Newisys
Newisys, a Server and Storage company with expertise in glue-chips for Opterons, based in Austin, Texas, was co-founded by Claymon A Cipione (who was later AMD CIO from 2005-2008) and Phil Hester (who later was AMD's CTO from 2005 till 2008) in 2000, and was acquired in 2004 by manufacturer Sanmina-SCI. In 2006, the company acquired the "bloc" product division of Adaptec (essentially the products that weren't Snap or HBAs), expanding the storage offering to rack-mount JBOD and RAID systems.
In May 2007, the Server portion of the company was shut down, leaving Storage as the main focus.
Now owned by Sanmina (formerly known as Sanmina-SCI), and located in the flood plain of Colorado Springs. Returned to the Server market in 2013 by adding Intel based servers into their existing storage products, somewhat successfully.
Products
- The Horus chip for creating large Opteron systems.

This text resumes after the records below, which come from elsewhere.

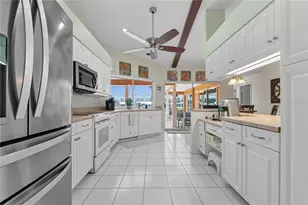 1447 Gleneagles Dr, Venice, FL 34292 - Photo 4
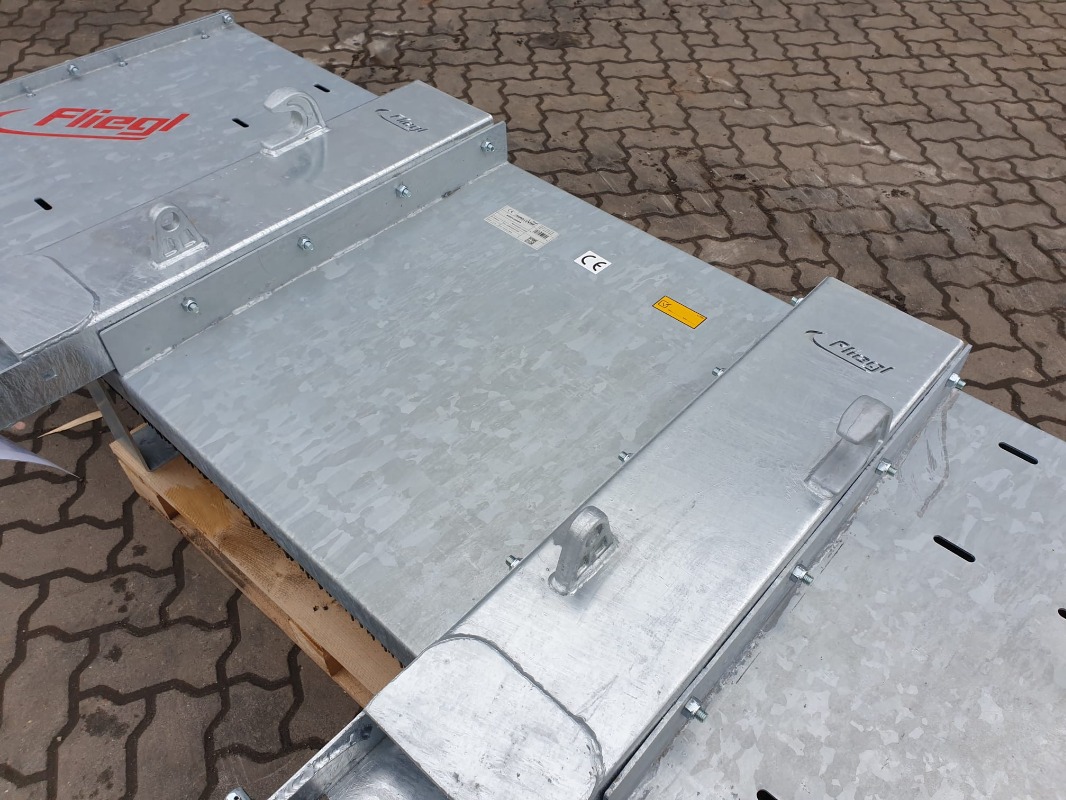 3. Image for Fliegl Kehrbesen Löwe 1,50m* - K-Evolution GmbH in Sittensen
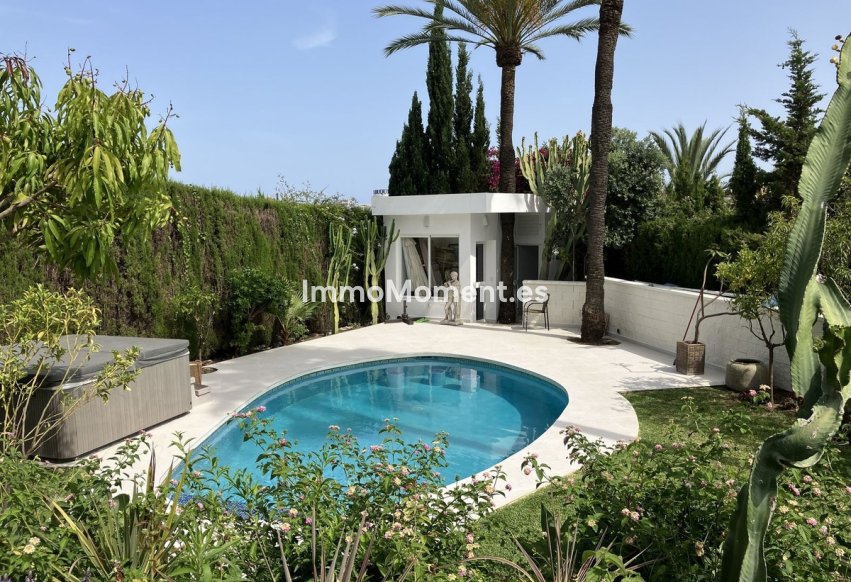 Resale - Villa - Marbella - Puerto Banús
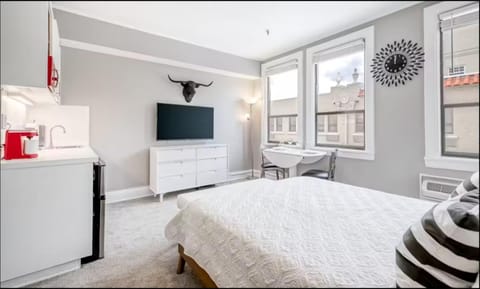 Beachside Palm Beach Condo | Pool & Walk to Sea Apartment in Palm Beach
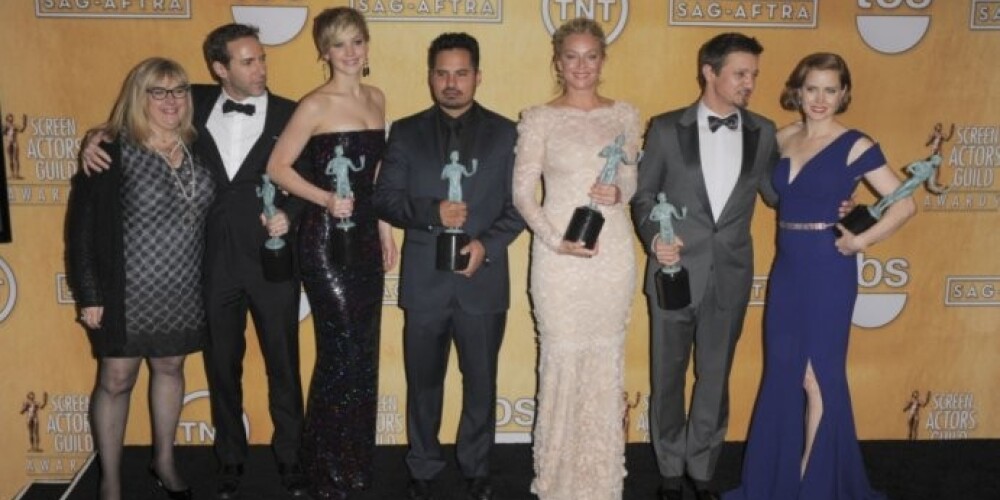 Премию за «Лучший ансамбль актеров» получил фильм «Афера по-американски»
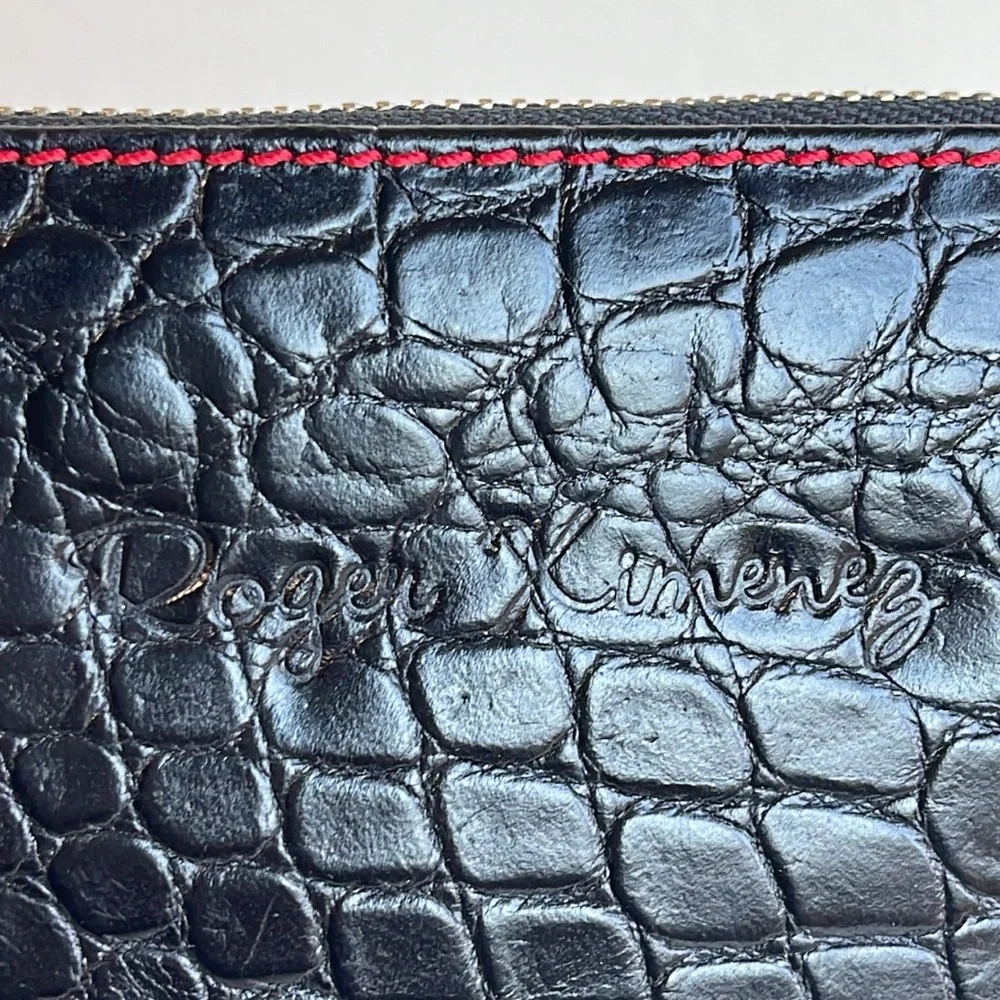 Roger Ximenez Mock Croc Black Women's Leather Clutch New Without Tag 🏷️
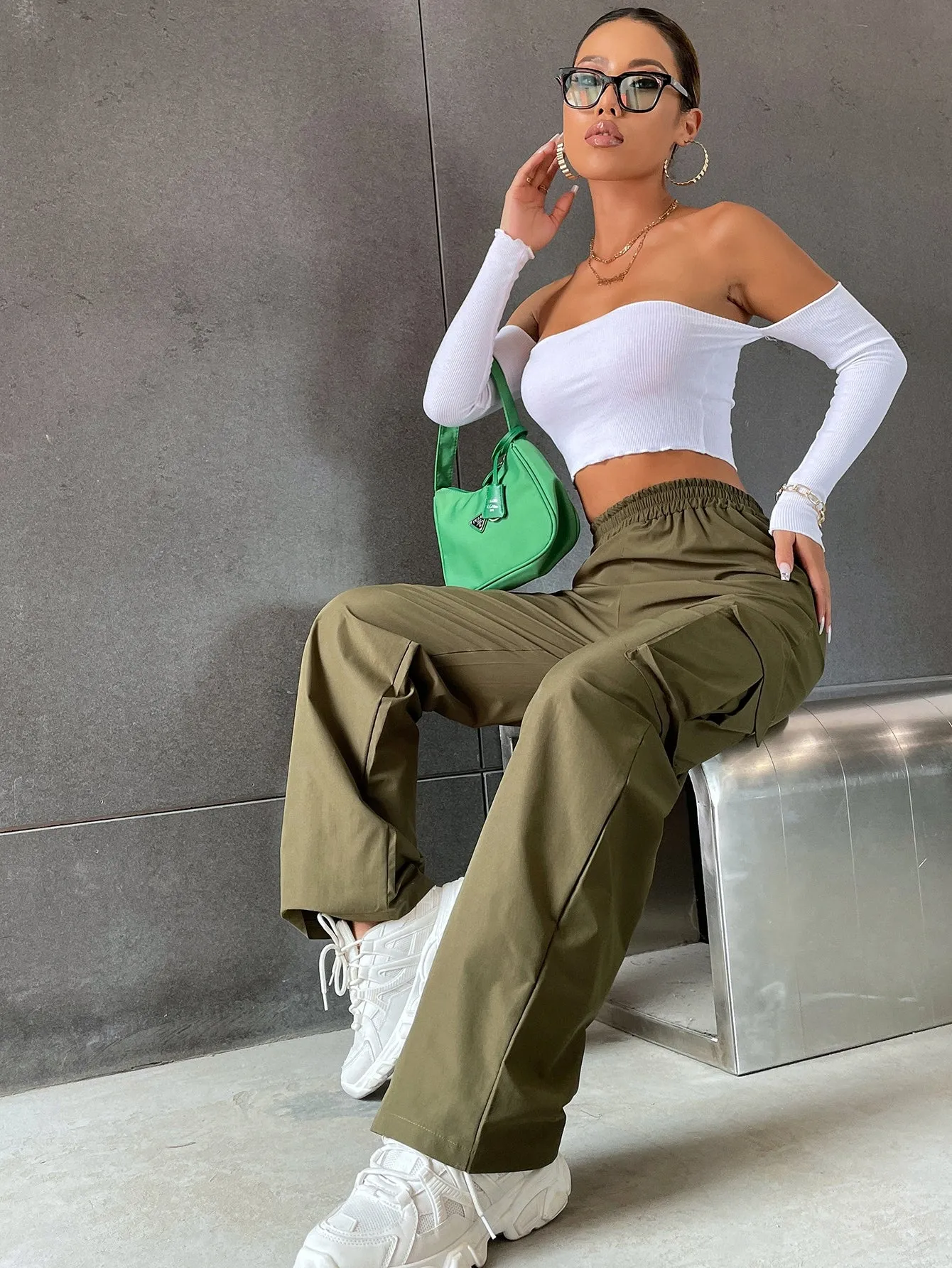 Solid High Waist Flap Pocket Cargo Pants ss22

- The Newisys SA2120 SAS (Serial Attached SCSI) JBOD is a high-density SAS host to SAS/SATA disk direct attached primary or near-line storage solution. Based on the SCSI extended command set and serial interface, the Newisys SA2120 delivers up to 6.0 TB of incremental storage capacity at transfer rates up to 4800MB/second aggregate bandwidth. Dual controllers allow two separate hosts to connect to independent RAID sets, each with an independent 2400MB/second bandwidth or 4800MB/second aggregate bandwidth in a dual I/O module configuration.
- The Newisys SC4100 SCSI JBOD is a proven, high-density SCSI host to SCSI disk direct attached primary storage solution. Based on the Ultra320 SCSI technology, the Newisys SC4100 delivers up to 3.6 TB of incremental storage capacity at transfer rates up to 640MB/s aggregate bandwidth. Dual controllers allow two separate hosts to connect to independent RAID sets within the same enclosure, each with an independent 320MB/s bandwidth or 640MB/s aggregate bandwidth in split bus mode.
- The Newisys NA-1400 Network-Attached Storage Appliance incorporates a RAID system featuring four hot-swap SATA drives. It features dual gigabit interface and two USB ports. The device connects to networked personal computers and other electronic home media devices, providing up to three terabytes of external storage in "A package the size of a toaster," the company said.